-- Given information --

++++++++

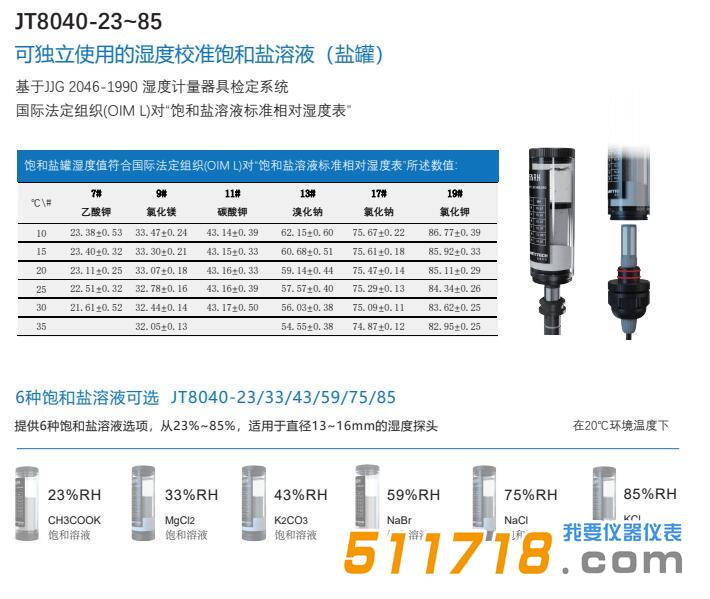 JT8040温湿度校准器.jpg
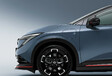 Nissan Leaf Nismo mikt op rijplezier #4
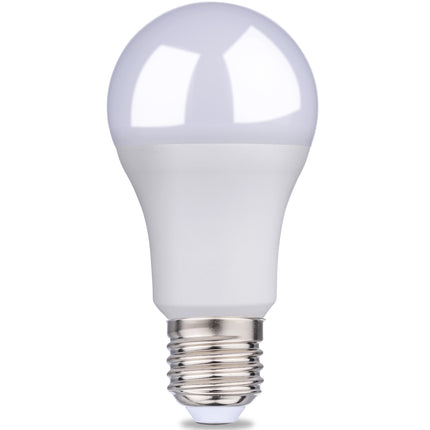 WiFi Smart E27 LED Warm/Cool white 9W 806 lm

++++++++

-- What you should do --
All that is needed is an exact copy of the lines from the line with "Nissan Leaf Nismo mikt op rijplezier #4" through the end of the listing, both ends included, with no pictures.

-- Completed exercise --
 Nissan Leaf Nismo mikt op rijplezier #4
 WiFi Smart E27 LED Warm/Cool white 9W 806 lm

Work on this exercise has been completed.